Despite declaring that housing affordability would be a key priority of her government, the new NSW Premier Gladys Berejiklian has squibbed the challenge of any real action to improve the lot of first home buyers and renters in New South Wales.
Berejiklian was unanimously elected premier on January 23 after former leader Mike Baird resigned in the face of widespread opposition to his neoliberal policies.
She immediately named housing affordability as “the biggest concern people have across the state”.
Yet she refused to support calls for cuts to tax concessions such as negative gearing, which currently favour wealthy people purchasing houses as an investment over new home buyers, or the reintroduction of measures such as an inheritance tax. As the former state Treasurer, Berejiklian had resisted calls to abolish stamp duty on property purchases in favour of a broad-based land tax.
Berejiklian merely said that “housing supply” was “the best way to address housing affordability”. This repeats the mantra of Prime Minister Malcolm Turnbull and Treasurer Scott Morrison, but does nothing to really tackle the issue of the outrageous cost of housing in Australia's major cities.

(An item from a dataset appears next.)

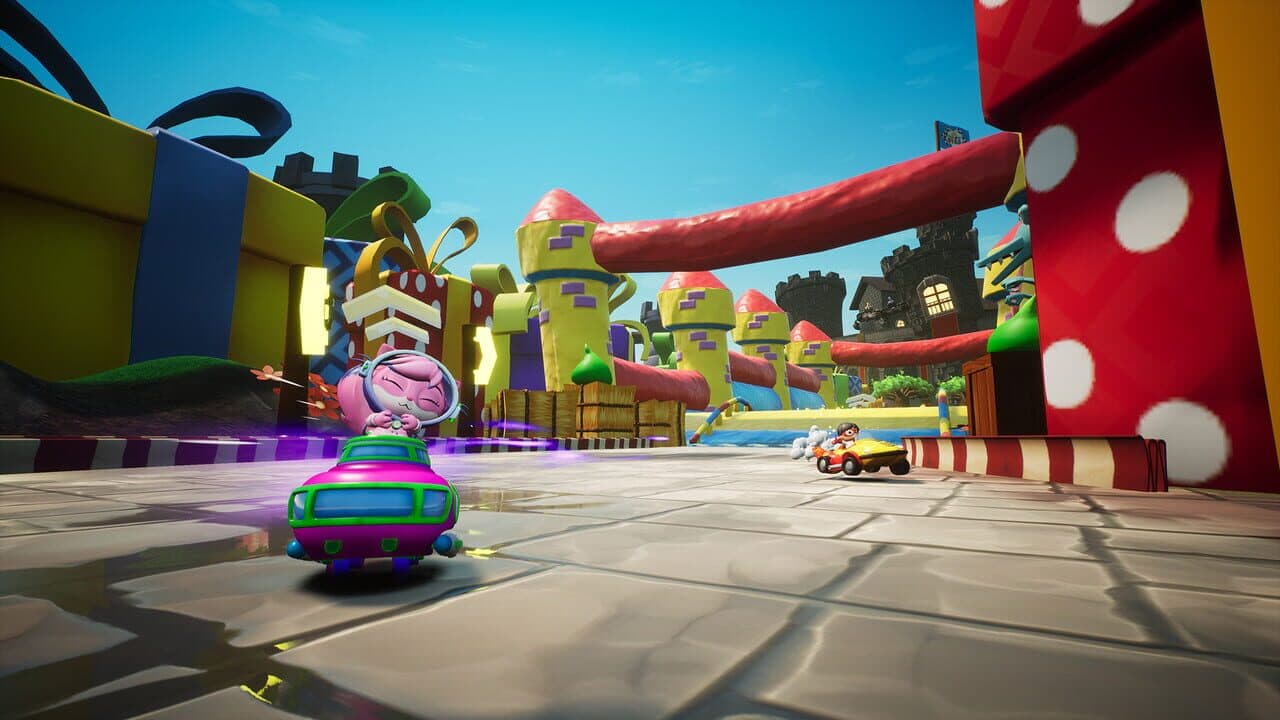 Race With Ryan thumbnail 7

Sydney has been rated the second most unaffordable city for housing in the world, behind Hong Kong. At the end of 2016, the Domain Group revealed that Sydney's median house price had climbed more than 10% to a record $1,124,000.
As a letter in the January 25 Sydney Morning Herald pointed out: “The federal government needs to address negative gearing and the favourable capital gains tax treatment both to take the heat out of the housing market and encourage investment in more productive enterprise.
“The state needs to reform the Residential Tenancy Act to increase tenants’ security of tenure, so making long-term renting a viable option for lower and middle-income earners (as it is in Europe), rather than struggling to meet mortgage repayments that place them under severe financial stress."
As well, instead of forcibly evicting public housing tenants and selling off their homes, as the Baird government did to the Millers Point residents and others, the state government needs to radically increase the construction and supply of public housing to meet the huge waiting list for public housing in NSW.
It should also act to mandate the inclusion of a significant proportion of genuinely “affordable housing” in all new property developments.
These are just some of the immediate measures which are essential to begin to tackle the housing crisis in NSW.